Затем начиналось одевание кучера. Красавец Ефим — кучер отца — стоял перед осколком зеркала, прикрепленным к двери сарая, и смотрел, как конюх напяливал на него поверх ватника, надевавшегося для толщины, светло-синий кафтан на лисьем меху, с трудом застегивал его на крючки, затягивал талию ремнем, поверх его обматывал пестрым шелковым кушаком, концы которого с бахромой висели у него на животе; на голову надевали ему бархатную голубую в цвет кафтана шапку с позументом, опушенную бобром. С трудом напялив себе на руки белые замшевые перчатки, путаясь в длинных полах шубы, кучер делал несколько шагов, влезал на козлы с помощью конюха, который расправлял сзади толстые складки его кафтана, оправлял высунутую наружу правую ногу. Кучер натягивал вожжи на руки. Как только с крыльца раздавался голос лакея: «Подавай», тяжелые двери сарая распахивались, конюх, отвязав лошадь, отскакивал в сторону, и лошадь вылетала. Задержавшись на минуту, не более, у крыльца, где отец почти на ходу вскакивал в экипаж, лошадь неслась к воротам, заранее широко распахнутым дворником, который стоял около них с шапкой в руках, и пропадала из виду.
Нам никогда не надоедало смотреть из окон на это зрелище. Особенно восхищал нас кучер Ефим, восседавший неподвижно, как идол, на козлах с натянутыми на руки вожжами.
Выезд матери был куда менее интересен. Она ездила всегда на паре караковых рослых и смирных лошадей [7], летом в карете, зимой в двухместных санях с высокой спинкой, называвшихся почему-то «петровские». В ожидании появления матери на крыльце пожилой и ворчливый кучер ее Петр Иванович (проживший у нас всю свою жизнь) долго кружил по двору, проезжая лошадей, сердито косясь на крыльцо и окна — «долго, мол, заставляете ждать». Мы боялись и не любили этого сердитого Петра Ивановича, а мать от нас требовала особенного к нему почтения: «Он дольше вас живет в доме». Впоследствии, когда конюшня свелась к двум лошадям, мать сделала этого Петра Ивановича управляющим домом и в шутку называла его «министр нашего двора».

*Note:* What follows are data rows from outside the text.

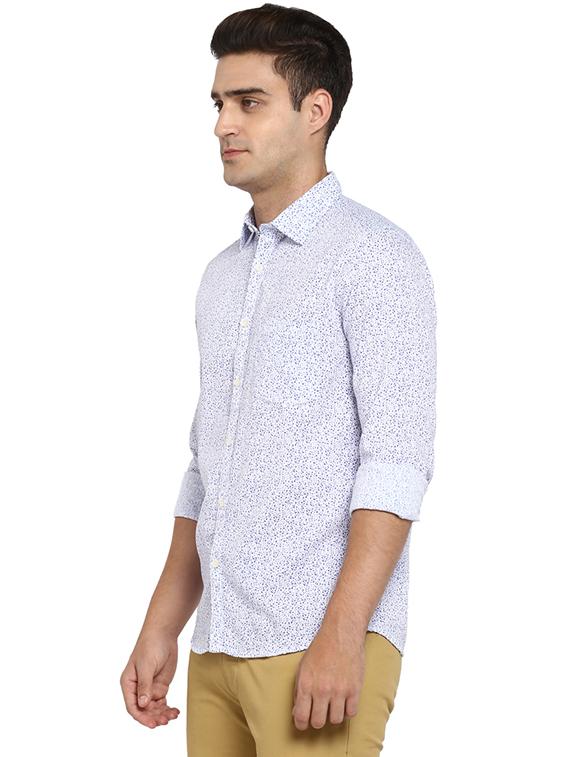 white printed casual shirt - 17696484 - Zoom Image - 3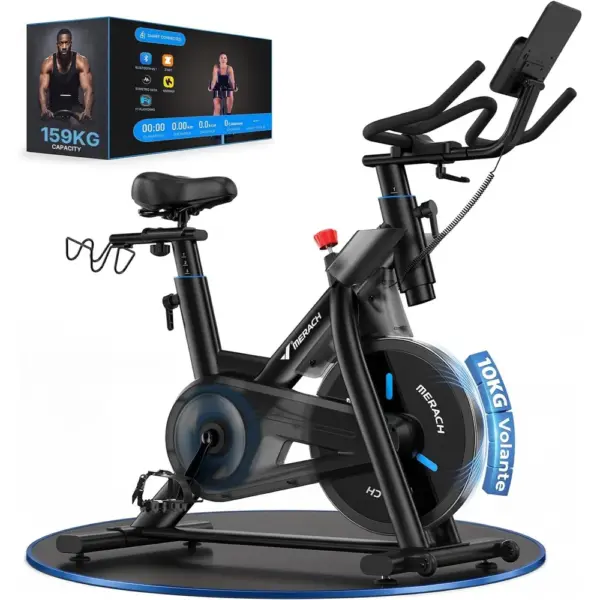 MERACH MR-S29 - Bicicleta estática con volante de 10 kg — 1 MERACH MR-S29 - Bicicleta estática con volante de 10 kg — 1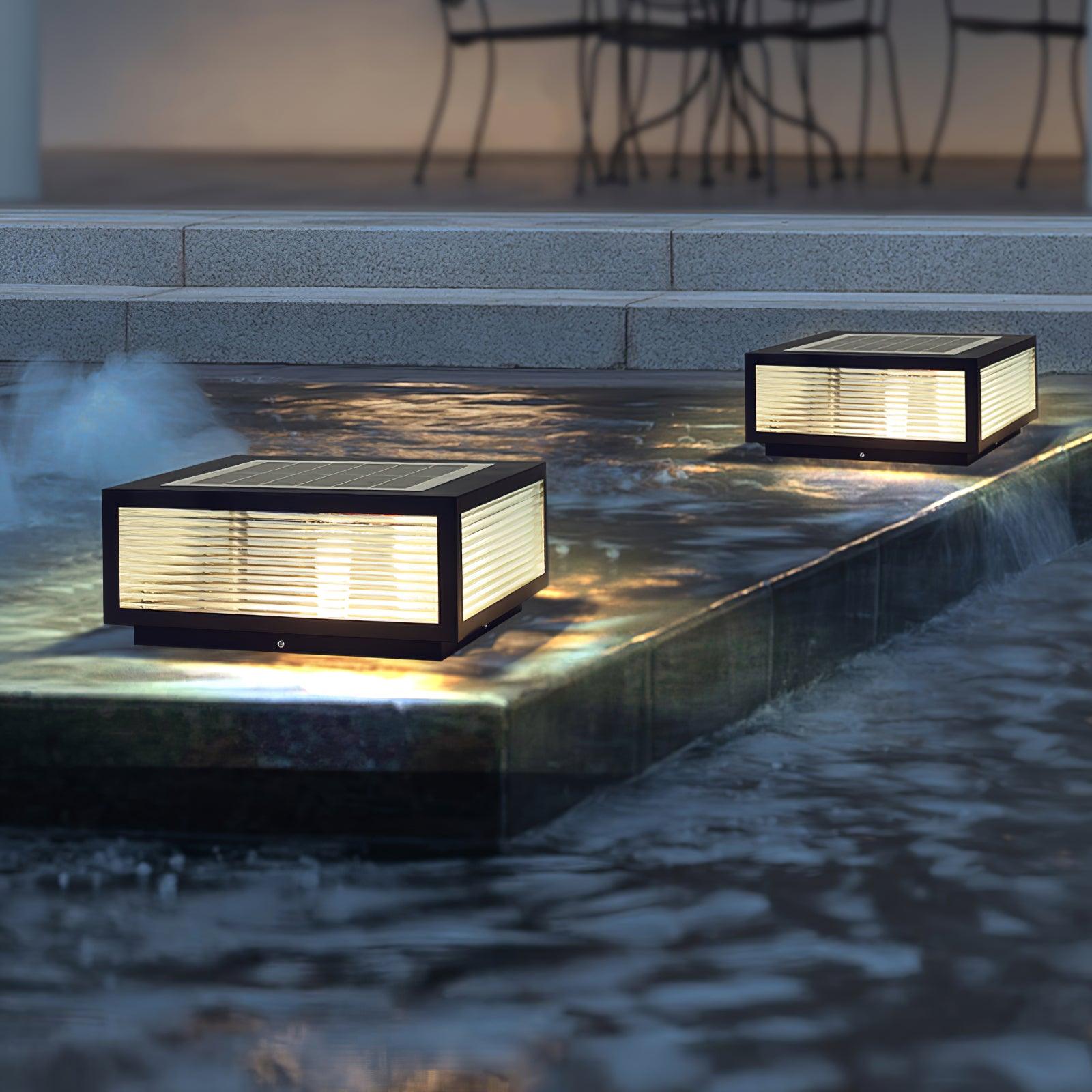 Garden Outdoor Light - Durable Metal Glass Lamp for Patio & Pathway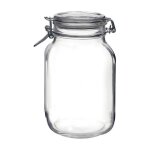 Bocal de conservation - bormioli - fido - 2l - verre hermétique - transparent Bocal de conservation - bormioli - fido - 2l - verre hermétique - transparent
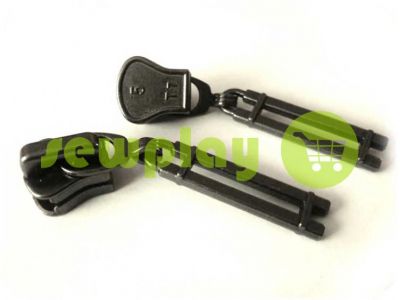 Slider TwoStick for tractor zipper type 5 black nickel sku 369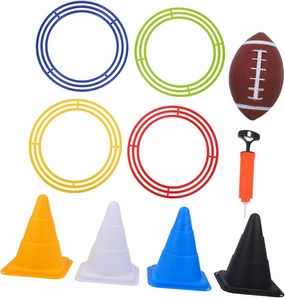 VANZACK 1 Set Outdoor Toss Rings Game Fun Family Activity for Concentration Coordination Training Safe Material for Backyard Parties Playdates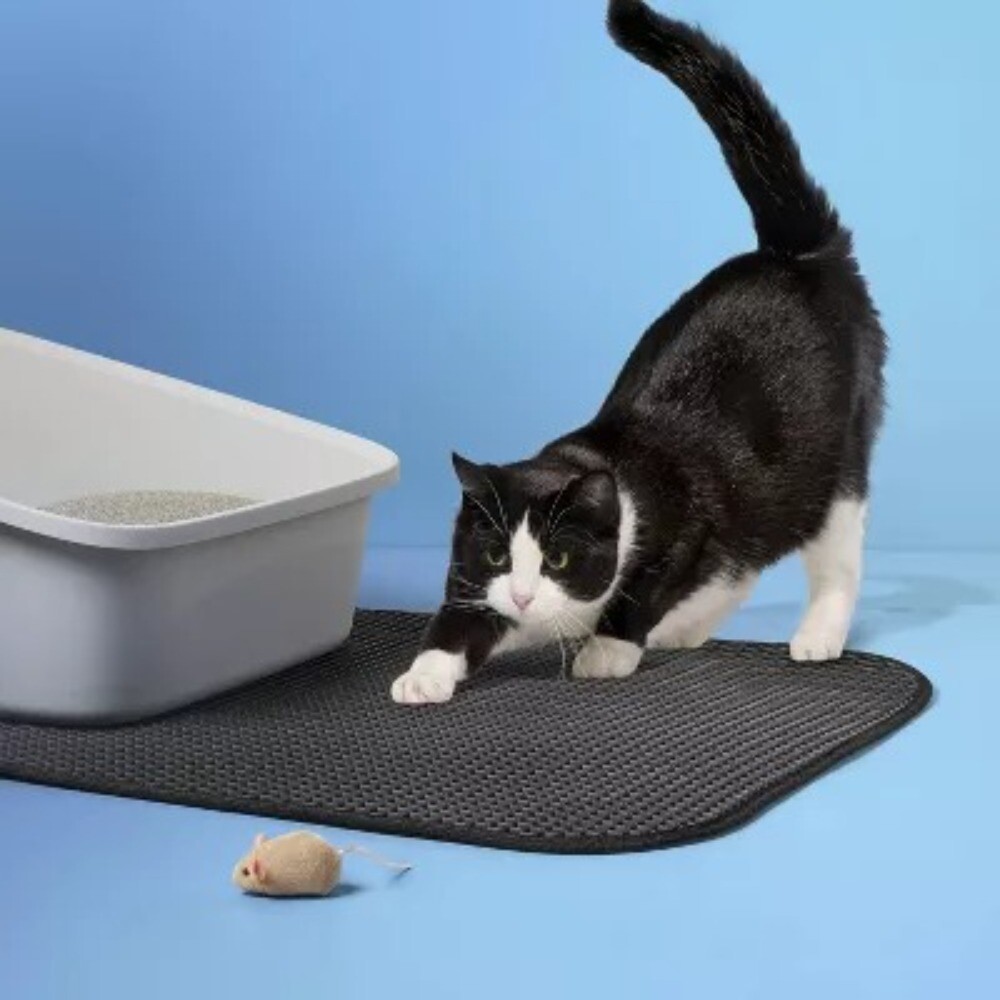 Litter Sifting Mat - Black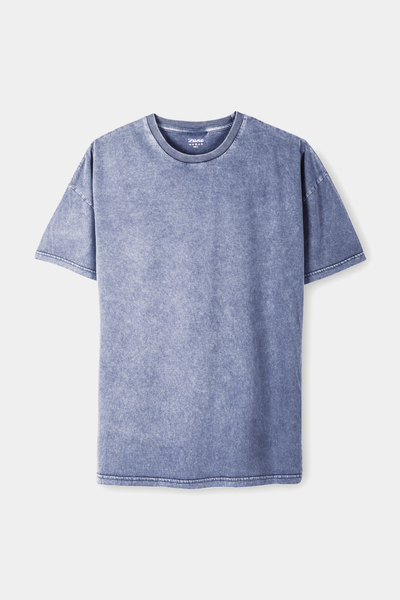 Washed Oversized T-Shirt – Indigo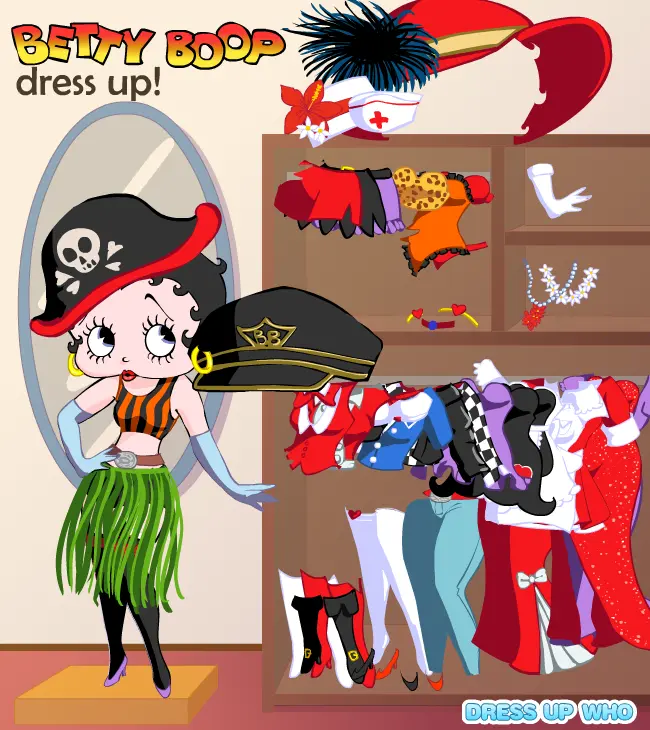 Betty Boop Dress Up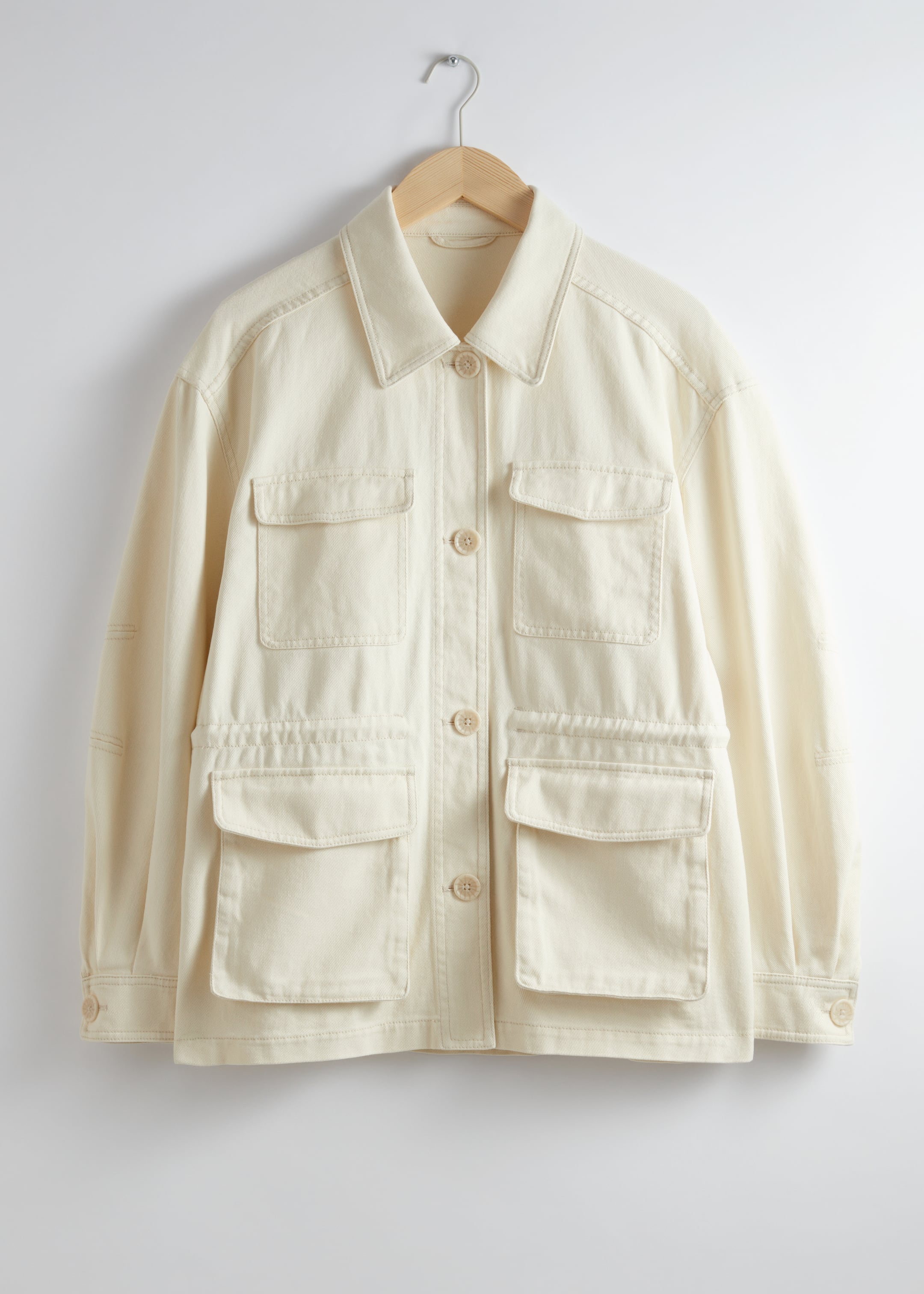 View larger image: Workwear Jacket - Cream - Ladies | H&M GB 1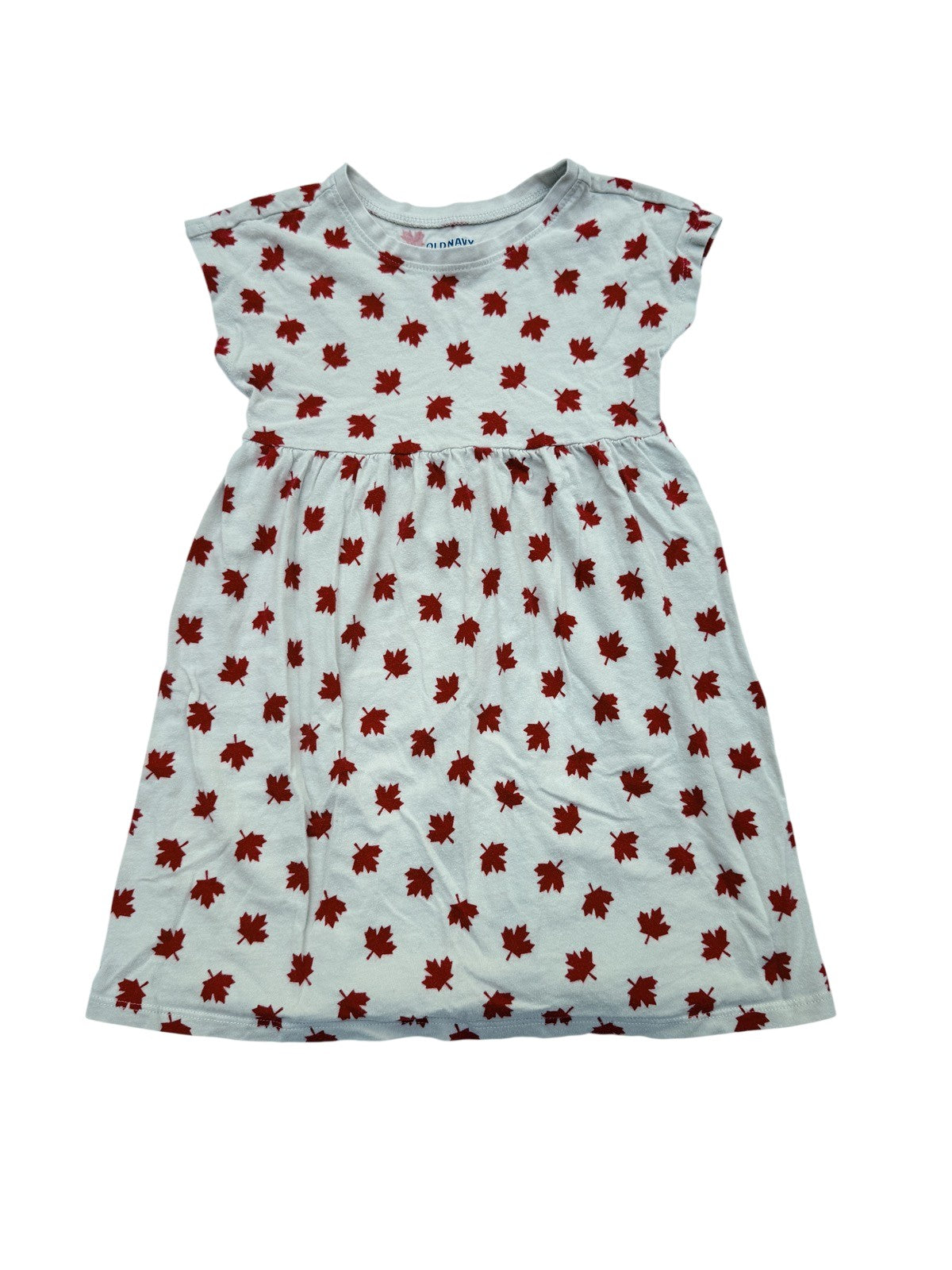 Old Navy Maple Leaf Print Dress 4T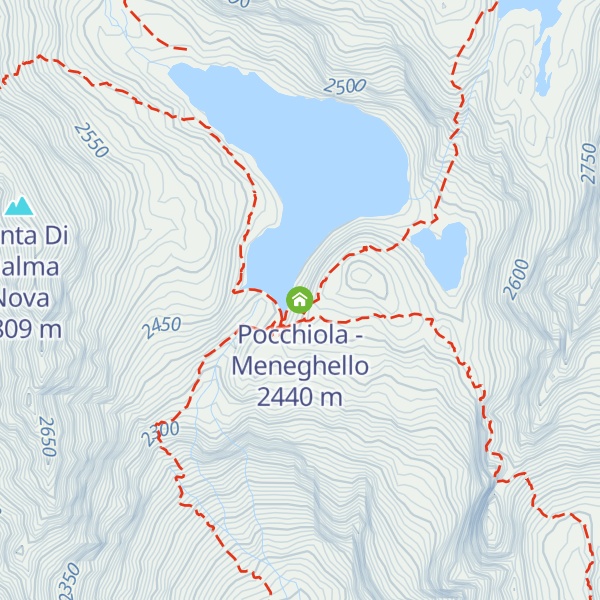 Map of Pocchiola - Meneghello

В середине двора стоял наш двухэтажный изящный особняк, всегда красившийся в темно-серый цвет. Из тесной передней поднимались по широкой лестнице светлого полированного дерева, устланной цветистым ковром, в парадные комнаты. Из приемной с резными шкафчиками и стульями светлого дуба вели две двери: одна в кабинет отца, другая — красного дерева с матовыми узорными стеклами — в залу. Кабинет отца — маленькая комнатка с вычурным лепным потолком, изображавшим голубое море, из волн которого выглядывали наяды и тритоны. Этот потолок был предметом нашего восхищения в детстве, и мы с гордостью водили туда знакомых детей показывать его. Между окон кабинета помещался большой письменный стол, за которым никто никогда не писал. На столе стояла тяжелая бронзовая чернильница без чернил, бювар с бронзовой крышкой без бумаг, бронзовый прорезной нож, ручки, которые не употреблялись. Над диваном висела итальянская картина «Смерть святой Цецелии» из мозаики. Эту картину мы, дети, тоже считали достопримечательностью нашего дома. «Она сделана из камушков», — говорили мы с благоговением, когда замечали, что кто-нибудь из гостей смотрел на нее.